With the death of Solomon the legendary and romancing character of this part of the _Antiquities_ comes to an end. In the summary of the fortunes of the kingdoms of Israel and Judah, Josephus adheres almost exclusively to the Biblical text, and allows himself few digressions. He moralizes a little about the decay of the people under Rehoboam, reflecting that the aggrandizement of a kingdom and its sudden attainment of prosperity often are the occasion of mischief; and he controverts Herodotus, who confused Sesostris with Shishak when relating the Egyptian king's conquests. It is, he claims, really Shishak's invasion of Jerusalem which the Greek historian narrates, as is proved by the fact that he speaks of circumcised Syrians, who can be no other than Jews. The fate of Omri and Zimri[1] moves him to moralize again about God's Providence in rewarding the good and punishing the wicked; and Ahab's death evokes some platitudes concerning fate, "which creeps on human souls and flatters them with pleasing hopes, till it brings them to the place where it will be too hard for them."[2] Artapanus, or one of the Jewish Hellenists masking as a pagan historian, may have provided him with this reflection.

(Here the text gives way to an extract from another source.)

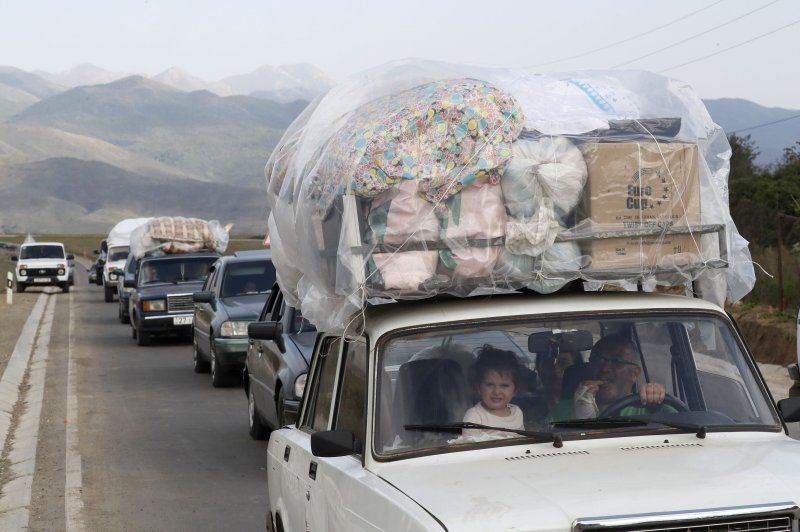 Ethnic Armenians from Nagorno-Karabakh cross the border with Azerbaijan by car, carrying their belongings with them, near the village of Kornidzor, Armenia, on Friday. Photo by Anatoly Maltsev/EPA-EFE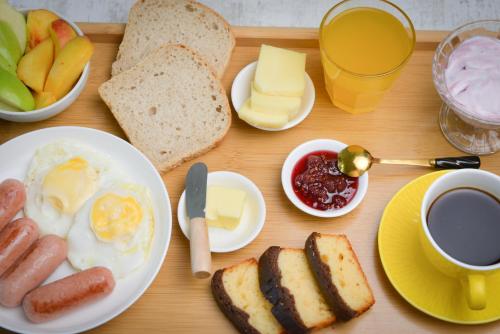 a table with a breakfast of eggs sausage and bread and coffee at Surami Guest House - სახლი სურამში in Surami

[Footnote 1: Ant. IX. xii. 6.]
[Footnote 2: Ant. IX. xv. 6.]
He spoils the grandeur of the scene on Mount Carmel, when Elijah turned the people from Baal-worship back to the service of God. In place of the dramatic description in the Book of Kings he states that the Israelites worshiped one God, and called Him the great and the only true God, while the other deities were names. He omits altogether the account of Elijah's ascent to Heaven, probably from a desire not to appear to entertain any Messianic ideas with which the prophet was associated. He says simply that Elijah disappeared from among men. But he gives in detail the miraculous stories of Elisha, which were not subject to the same objection. Occasionally his statements seem in direct conflict with the Hebrew Bible, as when he says that Jehu drove slowly and in good order, whereas the Hebrew is that "he driveth furiously."[1] Or that Joash, king of Israel, was a good man, whereas in the Book of Kings it is written, "he did evil in the sight of the Lord."[2] But these discrepancies may be due, not to a different Bible text, but to aberrations of the copyists.